It is intuitive that when we take multiple identically-sized random samples from a population, we expect some variability of the sample mean (\(\bar x\)) and sample standard deviation (\(s\)) among the samples. We similarly also don’t expect any \(\bar x\) or \(s\) to exactly match the mean (\(\mu\)) and standard deviation (\(\sigma\)) of the population. This is called sampling variability.

A parameter is a number that describes the population. Parameters are usually unknown – the whole point of statistical inference is to infer parameters.

Statistics are numbers that are computed from a sample; they can vary due to sampling variability.

The behavior of the possible values a statistic can take in repeated samples is called the sampling distribution of that statistic. Statistics can be regarded as random variables whose distribution we call sampling distribution.

  (Population) Parameter (Sample) Statistic
Proportion \(p\) \(\hat p\)
Mean \(\mu\) \(\bar x\)
Standard Deviation \(\sigma\) \(s\)

The new term in the above table is proportion: \begin{equation} \hat p = \frac{x}{n} = \frac{\text{number of successes}}{\text{number of observations in sample}} \end{equation}

The Sampling Distribution is Approximately Normal

The following table shows when and how we can estimate the sampling distribution to be normal for categorical and quantitative variables.

Sampling Distribution
Variable Parameter Statistic Center Spread Shape
Categorical (e.g. left-handed or not $$p$$ $$\hat p$$ $$p$$ $$\sigma_{\hat p} = \sqrt{ \frac{ p(1 - p) }{ n } }$$ Normal if $$np \ge 10$$ and $$n(1 - p) \ge 10$$
Quantitative (e.g. weight) $$\mu \ \mathrm{and} \ \sigma$$ $$\bar x$$ $$\mu$$ $$\sigma_{\bar x} = \frac{ \sigma }{ \sqrt{n} }$$ Normal if n > 30 for skewed population distributions; always normal if population normal

One small thing I’m confused about is how to write the equation for the standard distributions of \(\hat p\) and \(\bar x\) – I’ve used \(\sigma_{\hat p}\) and \(\sigma_{\bar x}\) because they represent the standard deviations of parameters of a population of samples. It’s a bit inception-y. Maybe for this reason I was unable to locate any resource that specifies these values in an equation; they all just write “and the standard deviation is…”
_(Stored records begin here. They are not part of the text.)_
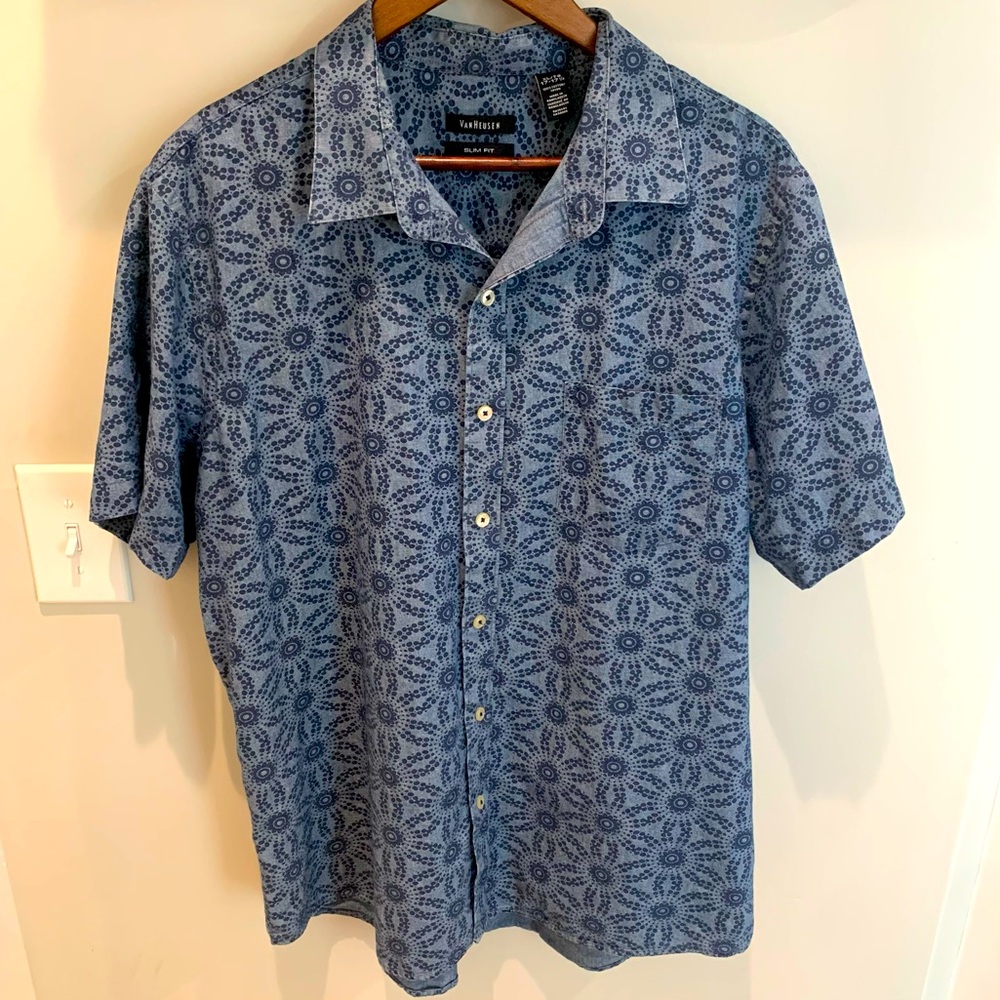 Men’s Slim Fit Button Down 100% Cotton Denim Blue Sunburst Shirt Size XL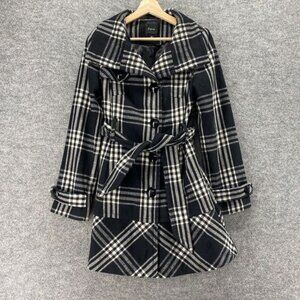 Express Coat Women XS Black Plaid Collared Belted Long Sleeve Wool Button Up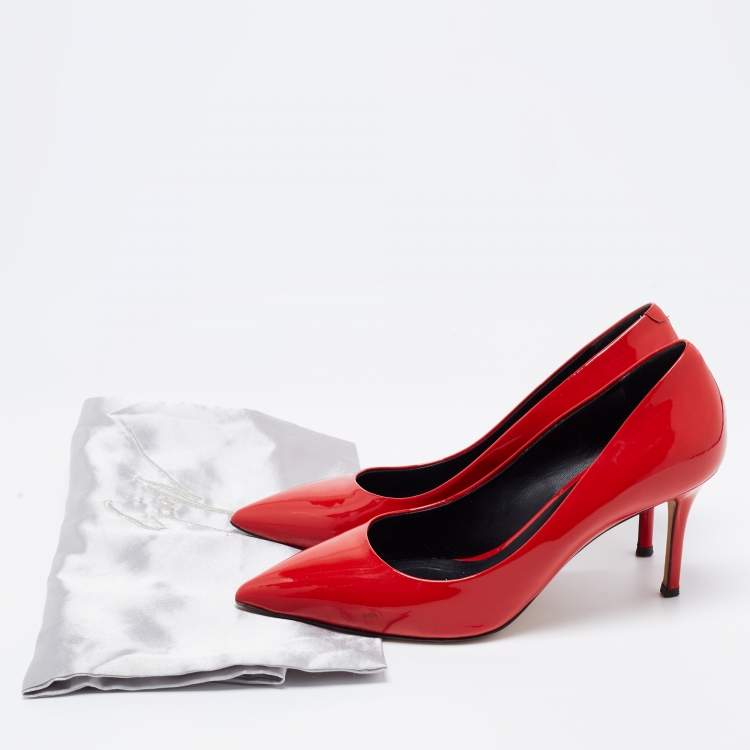 Pre Owned Giuseppe Zanotti Red Patent Leather Pointed Toe Pumps Size 36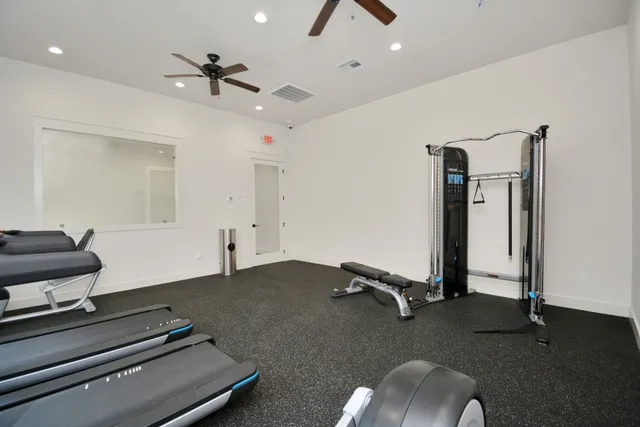 a room with gym equipment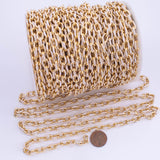 18K Gold Filled Enamel Paperclip chain pastel white 7x11mm Unfinished Chain by the yard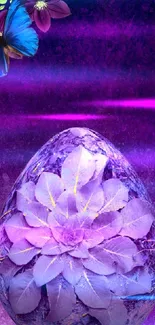 Purple floral egg with blue butterfly on a mystical background.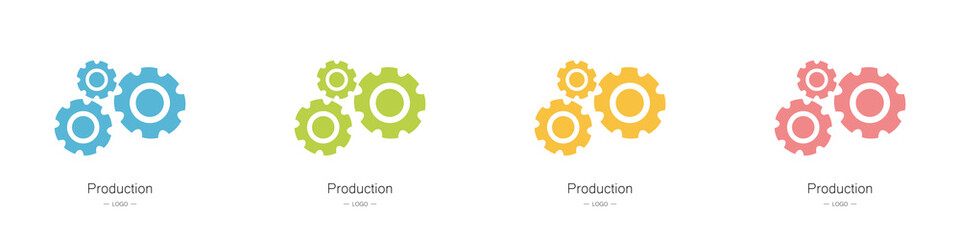 Set of gear logos. The concept of production and technology. Collection. Modern style vector illustration.

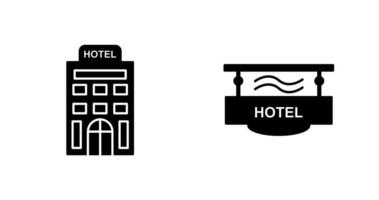 hotel en hotel teken icoon vector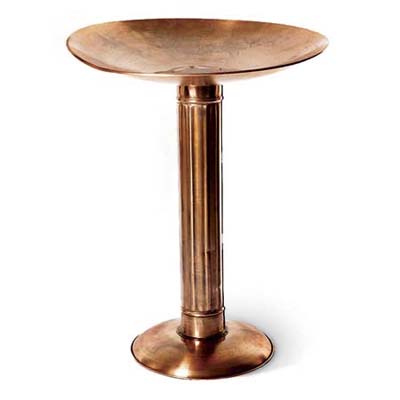 copper birdbath  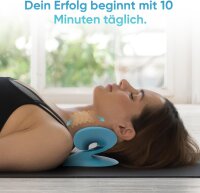 Nackenstrecker Pro, Modell NS-2024, Nackendehner – Ergonomisch geformt, aus hochdichtem Memory-Schaum, fördert gesunde Haltung, entspannt Nacken & Schultern, Schmerzlinderung in 10 Min., Farbe Blau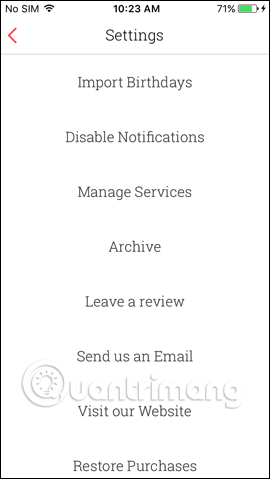 Giao diện cài đặt Scheduled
Categorical Variables: Mean and Standard Deviation of Sample Proportions

In the above table, we see that the distribution of sample proportions (\(\hat p\)) has a mean of \(p\), independent of sample size. We also see that the standard deviation of sample proportions (\(\sigma_{\hat p}\)) is inversely proportional to the sample size – larger samples will tend to yield \(\hat p\) closer to \(p\) and thus less variability. Smaller samples have more variability and a higher chance of yielding \(\hat p\) further from \(p\).

Quantitative Variables

Central Limit Theorem: Sampling Distribution of the Sample Mean

The sampling distribution of sample means will be approximately normal as long as the sample size is large enough.

If repeated random samples of a given size \(n\) are taken from a population of values for a quantitative variable the mean of all sample means (\(\bar x\)) is equal to the mean of the population distribution (\(\mu\))

  • for normal populations regardless of sample size, and
  • for skewed populations given a large-enough sample size (\(n \ge 30\)).

Consequently, for skewed populations, normal approximations should not be used for with sample sizes (\(n < 30\)).

The guarantee of \(\bar x = \mu\) being equal is known as the Central Limit Theorem. This theorem is the foundation of statistical inference.

Standard Deviation of the Sample Mean

The standard deviation is inversely proportional to the square root of the sample size, such that larger samples yield smaller standard deviations (i.e. less variability) for \(\bar x\) from \(\mu\). The standard deviation of the sample distribution (\(\sigma_{\bar x}\)) will always be smaller than the standard deviation of the population (\(\sigma\)).